**TASK INSTRUCTIONS:** Could you repeat every record exactly as it appears?

----------------------------------------

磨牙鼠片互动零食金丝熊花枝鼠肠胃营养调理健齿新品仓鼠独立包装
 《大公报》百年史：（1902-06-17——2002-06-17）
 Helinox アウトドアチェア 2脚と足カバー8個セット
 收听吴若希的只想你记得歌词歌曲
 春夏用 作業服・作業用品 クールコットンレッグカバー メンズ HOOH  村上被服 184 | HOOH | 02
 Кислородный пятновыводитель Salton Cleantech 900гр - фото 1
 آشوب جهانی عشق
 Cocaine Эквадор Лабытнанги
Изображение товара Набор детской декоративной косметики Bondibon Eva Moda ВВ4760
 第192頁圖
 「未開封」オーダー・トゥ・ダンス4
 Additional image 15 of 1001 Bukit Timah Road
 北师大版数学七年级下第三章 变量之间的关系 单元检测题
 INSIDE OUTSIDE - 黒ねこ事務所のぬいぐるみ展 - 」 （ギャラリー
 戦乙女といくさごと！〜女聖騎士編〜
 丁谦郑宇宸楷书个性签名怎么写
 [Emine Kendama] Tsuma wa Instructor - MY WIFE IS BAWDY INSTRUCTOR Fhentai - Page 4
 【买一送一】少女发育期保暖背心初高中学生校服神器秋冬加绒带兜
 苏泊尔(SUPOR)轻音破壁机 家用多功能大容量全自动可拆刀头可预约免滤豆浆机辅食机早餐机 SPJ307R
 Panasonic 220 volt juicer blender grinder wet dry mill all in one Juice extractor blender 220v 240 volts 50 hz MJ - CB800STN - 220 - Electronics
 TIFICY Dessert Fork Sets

----------------------------------------

**RESULT FOR THIS EXERCISE:**
磨牙鼠片互动零食金丝熊花枝鼠肠胃营养调理健齿新品仓鼠独立包装
 《大公报》百年史：（1902-06-17——2002-06-17）
 Helinox アウトドアチェア 2脚と足カバー8個セット
 收听吴若希的只想你记得歌词歌曲
 春夏用 作業服・作業用品 クールコットンレッグカバー メンズ HOOH  村上被服 184 | HOOH | 02
 Кислородный пятновыводитель Salton Cleantech 900гр - фото 1
 آشوب جهانی عشق
 Cocaine Эквадор Лабытнанги
Изображение товара Набор детской декоративной косметики Bondibon Eva Moda ВВ4760
 第192頁圖
 「未開封」オーダー・トゥ・ダンス4
 Additional image 15 of 1001 Bukit Timah Road
 北师大版数学七年级下第三章 变量之间的关系 单元检测题
 INSIDE OUTSIDE - 黒ねこ事務所のぬいぐるみ展 - 」 （ギャラリー
 戦乙女といくさごと！〜女聖騎士編〜
 丁谦郑宇宸楷书个性签名怎么写
 [Emine Kendama] Tsuma wa Instructor - MY WIFE IS BAWDY INSTRUCTOR Fhentai - Page 4
 【买一送一】少女发育期保暖背心初高中学生校服神器秋冬加绒带兜
 苏泊尔(SUPOR)轻音破壁机 家用多功能大容量全自动可拆刀头可预约免滤豆浆机辅食机早餐机 SPJ307R
 Panasonic 220 volt juicer blender grinder wet dry mill all in one Juice extractor blender 220v 240 volts 50 hz MJ - CB800STN - 220 - Electronics
 TIFICY Dessert Fork Sets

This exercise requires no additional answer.